Actually - in a way - I'm rather pleased by all this. For I hope that this will show - at least a few more - people just how nasty Popular Culture has become as it goes through its death throes. How it has destroyed itself.
A decade or three ago Popular Culture was so full of promise. It seemed that TV, film, pop music and so on could all take - for the first time - a mass audience to those places only a high culture had taken an 'elite' minority to before. But now all that (naive?) optimism is long gone in the ever-intensifying all-out rush for more sensation, more thrills, more of all the things its dumbed-down, stultified audience thinks it wants and needs, while its producers grow ever richer from providing less and less.
None of this would really matter - not even to the Guardianistas and all others that like to feel they 'really care' about the underclass - if it was just a matter of the proles and the prolefeed that keeps them mollified. But another failing of the great post-war liberal experiment has been how instead of raising up the working class to be more like the middle-class, it has - instead - led to the middle-class 'dumbing-down' to merge into the lower orders, developing a taste for the fare that gets dumped into the prolefeed trough (no matter how 'ironically').

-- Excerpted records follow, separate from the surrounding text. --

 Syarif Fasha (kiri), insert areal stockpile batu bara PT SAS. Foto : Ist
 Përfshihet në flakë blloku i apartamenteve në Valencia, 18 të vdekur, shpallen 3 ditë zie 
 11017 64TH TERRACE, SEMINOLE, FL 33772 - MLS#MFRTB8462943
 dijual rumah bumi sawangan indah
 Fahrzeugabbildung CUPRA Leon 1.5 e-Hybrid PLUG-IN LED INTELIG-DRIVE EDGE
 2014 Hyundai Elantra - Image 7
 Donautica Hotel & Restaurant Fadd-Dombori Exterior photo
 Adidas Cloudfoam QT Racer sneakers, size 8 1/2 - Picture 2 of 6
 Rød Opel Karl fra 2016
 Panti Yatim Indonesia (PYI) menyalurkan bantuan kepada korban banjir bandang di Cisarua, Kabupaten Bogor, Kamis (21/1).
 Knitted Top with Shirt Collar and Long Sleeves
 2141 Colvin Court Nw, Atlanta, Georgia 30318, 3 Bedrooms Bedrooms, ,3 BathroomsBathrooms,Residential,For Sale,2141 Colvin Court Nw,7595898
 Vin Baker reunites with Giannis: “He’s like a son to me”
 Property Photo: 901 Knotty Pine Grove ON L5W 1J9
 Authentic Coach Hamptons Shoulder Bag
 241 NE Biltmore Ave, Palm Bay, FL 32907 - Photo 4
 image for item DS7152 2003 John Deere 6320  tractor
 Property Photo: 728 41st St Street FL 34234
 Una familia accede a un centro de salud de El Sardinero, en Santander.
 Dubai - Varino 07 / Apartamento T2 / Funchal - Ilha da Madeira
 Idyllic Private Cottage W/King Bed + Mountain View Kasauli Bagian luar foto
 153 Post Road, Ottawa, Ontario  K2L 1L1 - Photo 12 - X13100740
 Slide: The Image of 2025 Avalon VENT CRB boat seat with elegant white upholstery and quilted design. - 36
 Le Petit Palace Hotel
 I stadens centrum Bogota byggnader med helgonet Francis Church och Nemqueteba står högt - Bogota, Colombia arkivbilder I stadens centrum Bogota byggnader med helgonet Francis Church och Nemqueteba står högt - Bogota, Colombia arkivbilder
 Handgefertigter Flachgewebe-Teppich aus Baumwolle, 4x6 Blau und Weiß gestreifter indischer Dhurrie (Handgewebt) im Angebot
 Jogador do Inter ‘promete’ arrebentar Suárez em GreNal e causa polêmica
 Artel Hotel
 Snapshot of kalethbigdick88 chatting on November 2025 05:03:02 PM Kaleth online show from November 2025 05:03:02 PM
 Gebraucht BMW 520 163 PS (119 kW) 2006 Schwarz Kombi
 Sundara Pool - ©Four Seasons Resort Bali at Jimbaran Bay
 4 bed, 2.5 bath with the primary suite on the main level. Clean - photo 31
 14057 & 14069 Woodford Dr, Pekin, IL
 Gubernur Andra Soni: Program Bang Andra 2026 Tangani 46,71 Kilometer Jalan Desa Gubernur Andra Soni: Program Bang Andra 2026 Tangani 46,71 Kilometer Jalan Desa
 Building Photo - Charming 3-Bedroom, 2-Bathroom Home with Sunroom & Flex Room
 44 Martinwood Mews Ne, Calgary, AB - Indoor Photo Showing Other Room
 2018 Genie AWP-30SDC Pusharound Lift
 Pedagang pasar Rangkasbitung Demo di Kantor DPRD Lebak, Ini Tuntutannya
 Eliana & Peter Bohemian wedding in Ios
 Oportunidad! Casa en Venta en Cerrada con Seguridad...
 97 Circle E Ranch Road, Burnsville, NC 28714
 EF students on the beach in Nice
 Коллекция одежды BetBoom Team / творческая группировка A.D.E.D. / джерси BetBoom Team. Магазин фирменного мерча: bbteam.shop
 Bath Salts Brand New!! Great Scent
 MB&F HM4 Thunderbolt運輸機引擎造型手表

What I have decided to call ‘The Great Liberal Experiment’ destroyed aspiration – or rather non-material aspiration - see, for example how the destruction of Grammar schools reduced social mobility etc - rather than increasing it, as the policy-makers hoped. The desire to ‘better oneself’ was then replaced with this self-satisfied moronic complacency so typified by folk such as this Jade person.
I wish I had more time to go into this now, but I haven’t. However, I’m sure I will – in the coming months – be returning to gnaw on this particular bone again.